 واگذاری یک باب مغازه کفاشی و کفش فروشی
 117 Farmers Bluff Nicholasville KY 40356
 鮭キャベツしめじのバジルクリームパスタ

____

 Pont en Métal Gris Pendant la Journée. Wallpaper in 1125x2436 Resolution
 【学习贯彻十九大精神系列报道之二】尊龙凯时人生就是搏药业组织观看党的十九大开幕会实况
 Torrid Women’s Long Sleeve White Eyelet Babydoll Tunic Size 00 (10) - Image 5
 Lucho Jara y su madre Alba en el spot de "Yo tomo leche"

____

→ **The task**
In the listing above, the lines from the one containing "Pont en Métal" through the one containing "Lucho Jara y" must be set down exactly, with no other lines.

→ **Your solution**
 Pont en Métal Gris Pendant la Journée. Wallpaper in 1125x2436 Resolution
 【学习贯彻十九大精神系列报道之二】尊龙凯时人生就是搏药业组织观看党的十九大开幕会实况
 Torrid Women’s Long Sleeve White Eyelet Babydoll Tunic Size 00 (10) - Image 5
 Lucho Jara y su madre Alba en el spot de "Yo tomo leche"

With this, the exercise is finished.